Chapter 4 Files and documents

In your work with data, you will be using and creating computer files of various sorts. Of particular importance are three basic roles for files:

1. storing data tables
2. listing R instructions
3. writing reports with narrative, graphics and conclusions

Different file types are used for each of these roles. These types can be referred to by the filename extension of the files.

Table 4.1: Common file types and their uses

File Role Common File types Software
Data storage .csv, .xlsx, etc. Spreadsheets
R instructions .Rmd Text editor, compiler
End reports .html, .pdf, .docx, etc. web browser, word processor

4.1 Filename Extensions

The filename extension is one or more letters following the last period in the name: .xlsx, .docx, .html, .mpeg. (Other widely used extensions are .pdf, .zip, .png.) These letters indicate the format of the file and often set which program will be used to open the file: a spreadsheet, a word processor, a browser, or a music player in the examples.

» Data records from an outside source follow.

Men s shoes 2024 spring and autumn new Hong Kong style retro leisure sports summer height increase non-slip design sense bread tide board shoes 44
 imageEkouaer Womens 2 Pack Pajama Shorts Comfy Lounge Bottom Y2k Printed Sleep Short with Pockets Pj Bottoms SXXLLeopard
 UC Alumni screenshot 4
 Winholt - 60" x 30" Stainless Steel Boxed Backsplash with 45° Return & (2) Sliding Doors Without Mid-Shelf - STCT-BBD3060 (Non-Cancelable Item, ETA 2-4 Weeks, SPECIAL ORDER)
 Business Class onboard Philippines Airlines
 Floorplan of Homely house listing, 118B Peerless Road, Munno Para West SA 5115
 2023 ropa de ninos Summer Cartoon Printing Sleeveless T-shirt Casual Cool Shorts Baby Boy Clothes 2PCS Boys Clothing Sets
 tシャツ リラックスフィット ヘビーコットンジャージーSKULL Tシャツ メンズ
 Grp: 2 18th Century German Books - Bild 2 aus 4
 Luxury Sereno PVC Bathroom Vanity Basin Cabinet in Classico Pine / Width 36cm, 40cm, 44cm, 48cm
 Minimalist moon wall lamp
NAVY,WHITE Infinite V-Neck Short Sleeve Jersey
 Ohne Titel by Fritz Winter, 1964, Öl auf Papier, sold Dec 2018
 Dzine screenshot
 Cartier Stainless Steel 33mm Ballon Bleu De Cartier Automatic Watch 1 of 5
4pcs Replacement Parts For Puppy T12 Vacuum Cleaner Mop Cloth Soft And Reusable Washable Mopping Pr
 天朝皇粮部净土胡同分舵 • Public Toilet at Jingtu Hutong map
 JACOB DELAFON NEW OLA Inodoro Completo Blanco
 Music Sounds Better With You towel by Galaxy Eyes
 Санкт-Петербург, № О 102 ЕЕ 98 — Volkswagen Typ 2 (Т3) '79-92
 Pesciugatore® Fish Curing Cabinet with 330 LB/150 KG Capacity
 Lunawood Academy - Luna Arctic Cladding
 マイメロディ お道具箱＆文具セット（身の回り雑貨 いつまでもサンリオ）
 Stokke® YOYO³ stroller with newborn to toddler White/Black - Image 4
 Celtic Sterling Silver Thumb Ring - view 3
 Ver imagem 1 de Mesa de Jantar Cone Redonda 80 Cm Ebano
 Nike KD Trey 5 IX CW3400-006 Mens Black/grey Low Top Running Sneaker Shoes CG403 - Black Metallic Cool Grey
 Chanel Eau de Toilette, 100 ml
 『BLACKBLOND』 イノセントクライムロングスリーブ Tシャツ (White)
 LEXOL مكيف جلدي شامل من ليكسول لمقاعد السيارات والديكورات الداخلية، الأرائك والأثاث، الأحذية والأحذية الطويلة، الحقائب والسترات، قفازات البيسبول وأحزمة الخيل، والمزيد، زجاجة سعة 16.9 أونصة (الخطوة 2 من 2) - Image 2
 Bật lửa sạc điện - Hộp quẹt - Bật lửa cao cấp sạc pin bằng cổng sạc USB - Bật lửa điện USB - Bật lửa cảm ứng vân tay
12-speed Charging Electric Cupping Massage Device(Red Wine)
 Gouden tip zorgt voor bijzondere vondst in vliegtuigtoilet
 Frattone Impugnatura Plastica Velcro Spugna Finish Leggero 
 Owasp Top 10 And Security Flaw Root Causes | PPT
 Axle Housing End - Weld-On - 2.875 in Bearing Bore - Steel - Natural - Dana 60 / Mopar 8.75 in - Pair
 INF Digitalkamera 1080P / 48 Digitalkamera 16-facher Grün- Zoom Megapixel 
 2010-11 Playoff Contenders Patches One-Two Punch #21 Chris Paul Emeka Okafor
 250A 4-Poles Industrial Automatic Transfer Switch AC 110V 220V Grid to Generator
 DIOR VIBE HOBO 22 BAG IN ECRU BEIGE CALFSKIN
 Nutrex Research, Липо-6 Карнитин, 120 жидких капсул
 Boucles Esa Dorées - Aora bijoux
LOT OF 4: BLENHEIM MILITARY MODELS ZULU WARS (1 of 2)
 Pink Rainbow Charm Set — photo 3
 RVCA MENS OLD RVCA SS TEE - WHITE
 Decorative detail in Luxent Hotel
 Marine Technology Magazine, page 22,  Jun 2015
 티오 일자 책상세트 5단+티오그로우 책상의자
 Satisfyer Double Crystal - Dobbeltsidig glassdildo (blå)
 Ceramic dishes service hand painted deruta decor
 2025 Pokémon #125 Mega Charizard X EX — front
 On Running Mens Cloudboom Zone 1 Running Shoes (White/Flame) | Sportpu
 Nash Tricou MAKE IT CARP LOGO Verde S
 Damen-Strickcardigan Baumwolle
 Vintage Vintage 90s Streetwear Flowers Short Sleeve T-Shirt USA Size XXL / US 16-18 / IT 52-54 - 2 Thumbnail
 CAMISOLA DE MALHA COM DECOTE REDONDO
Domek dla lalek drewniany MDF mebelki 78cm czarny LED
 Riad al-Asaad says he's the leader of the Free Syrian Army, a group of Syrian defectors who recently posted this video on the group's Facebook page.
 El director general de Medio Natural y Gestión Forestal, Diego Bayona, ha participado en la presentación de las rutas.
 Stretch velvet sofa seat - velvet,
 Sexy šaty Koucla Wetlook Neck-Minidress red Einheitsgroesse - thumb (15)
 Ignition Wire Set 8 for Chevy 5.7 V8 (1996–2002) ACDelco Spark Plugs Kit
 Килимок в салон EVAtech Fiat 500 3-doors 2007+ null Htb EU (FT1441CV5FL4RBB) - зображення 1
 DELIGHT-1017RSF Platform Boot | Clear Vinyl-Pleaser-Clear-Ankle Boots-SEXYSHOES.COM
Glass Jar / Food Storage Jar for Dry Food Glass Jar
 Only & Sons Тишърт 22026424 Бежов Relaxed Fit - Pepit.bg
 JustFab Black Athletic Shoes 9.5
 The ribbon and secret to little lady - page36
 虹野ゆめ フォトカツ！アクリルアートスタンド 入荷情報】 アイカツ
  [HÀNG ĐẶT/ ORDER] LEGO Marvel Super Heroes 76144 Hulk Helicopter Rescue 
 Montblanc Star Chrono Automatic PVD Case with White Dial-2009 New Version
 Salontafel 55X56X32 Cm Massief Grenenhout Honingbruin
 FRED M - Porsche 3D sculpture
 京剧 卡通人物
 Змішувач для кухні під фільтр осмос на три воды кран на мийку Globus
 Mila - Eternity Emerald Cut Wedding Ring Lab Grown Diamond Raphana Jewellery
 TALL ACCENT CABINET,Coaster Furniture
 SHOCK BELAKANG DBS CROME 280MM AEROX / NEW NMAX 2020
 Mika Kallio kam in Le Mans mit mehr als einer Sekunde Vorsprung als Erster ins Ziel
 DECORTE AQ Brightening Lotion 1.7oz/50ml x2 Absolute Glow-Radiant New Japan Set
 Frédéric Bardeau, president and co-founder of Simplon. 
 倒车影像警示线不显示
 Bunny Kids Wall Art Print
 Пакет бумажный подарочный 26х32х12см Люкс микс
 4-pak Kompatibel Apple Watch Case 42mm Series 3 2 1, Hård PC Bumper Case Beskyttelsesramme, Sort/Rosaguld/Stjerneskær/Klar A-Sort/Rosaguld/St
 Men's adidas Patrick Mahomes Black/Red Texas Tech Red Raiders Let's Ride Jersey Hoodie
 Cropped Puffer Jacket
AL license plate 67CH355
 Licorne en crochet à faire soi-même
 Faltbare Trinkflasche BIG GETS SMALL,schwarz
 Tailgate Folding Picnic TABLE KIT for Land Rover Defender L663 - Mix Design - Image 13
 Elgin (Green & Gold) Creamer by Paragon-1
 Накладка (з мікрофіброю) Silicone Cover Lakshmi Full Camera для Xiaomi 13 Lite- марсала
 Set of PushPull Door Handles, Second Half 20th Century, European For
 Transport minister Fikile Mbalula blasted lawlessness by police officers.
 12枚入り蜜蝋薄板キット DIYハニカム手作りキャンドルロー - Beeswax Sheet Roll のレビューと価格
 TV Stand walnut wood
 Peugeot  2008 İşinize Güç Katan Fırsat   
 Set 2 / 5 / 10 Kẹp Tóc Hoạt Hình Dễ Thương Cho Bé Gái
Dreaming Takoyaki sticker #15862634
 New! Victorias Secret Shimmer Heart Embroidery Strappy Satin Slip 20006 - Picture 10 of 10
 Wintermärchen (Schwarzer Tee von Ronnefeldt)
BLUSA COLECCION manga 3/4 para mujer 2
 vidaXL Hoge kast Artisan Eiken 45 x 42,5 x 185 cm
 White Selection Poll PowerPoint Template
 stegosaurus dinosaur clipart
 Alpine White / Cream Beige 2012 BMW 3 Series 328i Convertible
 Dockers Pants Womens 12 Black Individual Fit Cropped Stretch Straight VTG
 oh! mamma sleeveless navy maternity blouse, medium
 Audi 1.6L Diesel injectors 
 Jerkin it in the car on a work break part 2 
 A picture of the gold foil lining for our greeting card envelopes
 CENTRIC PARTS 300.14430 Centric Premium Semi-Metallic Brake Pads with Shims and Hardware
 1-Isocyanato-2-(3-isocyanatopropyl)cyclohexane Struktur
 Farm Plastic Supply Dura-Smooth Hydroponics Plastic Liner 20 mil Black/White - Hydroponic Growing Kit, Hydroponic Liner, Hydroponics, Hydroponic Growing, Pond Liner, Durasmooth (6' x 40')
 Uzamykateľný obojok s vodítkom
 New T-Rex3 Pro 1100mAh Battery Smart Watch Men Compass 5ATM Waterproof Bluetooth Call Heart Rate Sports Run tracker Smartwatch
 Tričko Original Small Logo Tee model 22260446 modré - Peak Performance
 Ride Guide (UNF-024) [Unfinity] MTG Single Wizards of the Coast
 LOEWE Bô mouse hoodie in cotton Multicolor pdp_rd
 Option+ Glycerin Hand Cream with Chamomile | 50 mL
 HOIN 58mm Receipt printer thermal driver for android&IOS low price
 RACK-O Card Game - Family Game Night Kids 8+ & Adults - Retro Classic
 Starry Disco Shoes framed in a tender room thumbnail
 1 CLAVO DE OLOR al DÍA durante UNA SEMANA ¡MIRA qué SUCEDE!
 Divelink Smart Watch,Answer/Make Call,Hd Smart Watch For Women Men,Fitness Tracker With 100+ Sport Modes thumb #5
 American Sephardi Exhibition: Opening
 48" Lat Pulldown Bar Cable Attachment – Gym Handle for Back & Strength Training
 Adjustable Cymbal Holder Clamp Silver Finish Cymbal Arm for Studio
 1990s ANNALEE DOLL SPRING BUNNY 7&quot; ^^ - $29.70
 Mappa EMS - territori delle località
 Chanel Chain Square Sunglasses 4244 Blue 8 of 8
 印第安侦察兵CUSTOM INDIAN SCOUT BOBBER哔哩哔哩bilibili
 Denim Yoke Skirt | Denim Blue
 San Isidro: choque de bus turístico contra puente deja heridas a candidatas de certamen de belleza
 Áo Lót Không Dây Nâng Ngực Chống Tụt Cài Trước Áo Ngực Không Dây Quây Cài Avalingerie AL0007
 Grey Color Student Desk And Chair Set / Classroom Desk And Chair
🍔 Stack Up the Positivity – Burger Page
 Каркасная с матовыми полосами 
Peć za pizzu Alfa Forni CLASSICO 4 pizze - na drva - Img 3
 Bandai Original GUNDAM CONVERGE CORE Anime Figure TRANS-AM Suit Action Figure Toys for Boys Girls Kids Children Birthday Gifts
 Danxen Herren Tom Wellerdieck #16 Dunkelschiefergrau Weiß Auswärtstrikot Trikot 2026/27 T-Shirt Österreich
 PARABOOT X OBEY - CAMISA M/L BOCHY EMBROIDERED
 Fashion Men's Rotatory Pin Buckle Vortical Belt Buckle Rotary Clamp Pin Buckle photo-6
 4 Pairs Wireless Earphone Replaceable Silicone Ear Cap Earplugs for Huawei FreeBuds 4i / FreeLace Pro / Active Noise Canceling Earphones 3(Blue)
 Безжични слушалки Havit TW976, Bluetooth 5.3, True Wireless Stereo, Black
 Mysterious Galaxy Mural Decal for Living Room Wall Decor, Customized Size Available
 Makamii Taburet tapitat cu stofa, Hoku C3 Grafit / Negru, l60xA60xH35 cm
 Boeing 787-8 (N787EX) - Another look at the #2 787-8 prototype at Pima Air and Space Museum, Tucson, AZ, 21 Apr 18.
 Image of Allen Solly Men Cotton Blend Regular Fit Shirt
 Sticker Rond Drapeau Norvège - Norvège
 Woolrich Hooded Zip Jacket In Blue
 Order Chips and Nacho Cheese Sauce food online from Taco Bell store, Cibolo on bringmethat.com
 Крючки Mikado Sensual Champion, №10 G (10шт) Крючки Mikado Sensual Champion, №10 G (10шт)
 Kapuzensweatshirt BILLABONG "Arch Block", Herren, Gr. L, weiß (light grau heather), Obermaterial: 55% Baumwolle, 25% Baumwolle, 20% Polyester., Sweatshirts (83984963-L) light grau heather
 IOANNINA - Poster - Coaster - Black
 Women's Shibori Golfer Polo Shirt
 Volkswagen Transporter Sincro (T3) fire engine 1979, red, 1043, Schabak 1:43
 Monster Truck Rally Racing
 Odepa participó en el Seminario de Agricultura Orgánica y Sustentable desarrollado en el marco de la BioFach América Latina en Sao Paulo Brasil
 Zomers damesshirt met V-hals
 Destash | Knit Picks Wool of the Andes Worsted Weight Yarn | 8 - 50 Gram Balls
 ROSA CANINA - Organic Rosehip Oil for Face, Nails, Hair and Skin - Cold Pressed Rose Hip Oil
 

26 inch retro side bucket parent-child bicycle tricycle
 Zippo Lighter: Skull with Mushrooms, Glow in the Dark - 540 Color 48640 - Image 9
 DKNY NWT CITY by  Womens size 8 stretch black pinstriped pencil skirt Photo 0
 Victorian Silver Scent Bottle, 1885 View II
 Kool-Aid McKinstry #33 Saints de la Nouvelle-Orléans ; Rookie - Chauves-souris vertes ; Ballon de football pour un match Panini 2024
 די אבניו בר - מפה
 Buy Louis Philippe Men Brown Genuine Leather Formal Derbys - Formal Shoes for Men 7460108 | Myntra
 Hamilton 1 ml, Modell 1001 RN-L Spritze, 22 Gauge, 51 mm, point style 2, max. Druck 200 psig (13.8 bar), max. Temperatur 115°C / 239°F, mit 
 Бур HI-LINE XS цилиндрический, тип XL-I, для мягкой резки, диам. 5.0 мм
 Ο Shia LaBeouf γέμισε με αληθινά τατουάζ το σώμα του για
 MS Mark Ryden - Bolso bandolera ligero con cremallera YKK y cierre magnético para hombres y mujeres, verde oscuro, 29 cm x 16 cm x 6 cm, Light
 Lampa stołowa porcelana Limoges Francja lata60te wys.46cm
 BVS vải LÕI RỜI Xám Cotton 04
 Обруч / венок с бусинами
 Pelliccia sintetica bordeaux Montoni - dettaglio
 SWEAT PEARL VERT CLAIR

Or, in plainer language, the filename extension tells you the kind of file.

If you are looking at files through RStudio, the filename extension will always be displayed. If you are using your your own computer’s file browser, your system may have been set up to hide the extension.

When referring to files within R statements or an Rmd file, you must always include the filename extension.

4.2 Paths

A filename is analogous to a person’s first name. Just as first names are unique within a nuclear family, so filenames must be unique within a folder or directory.To run on with the family metaphor … You are identified within a household by your first name. The path would tell you which specific nuclear family you belong to, perhaps in the form of your address, like this: USA/Saint Paul/55105/703 Lincoln Avenue.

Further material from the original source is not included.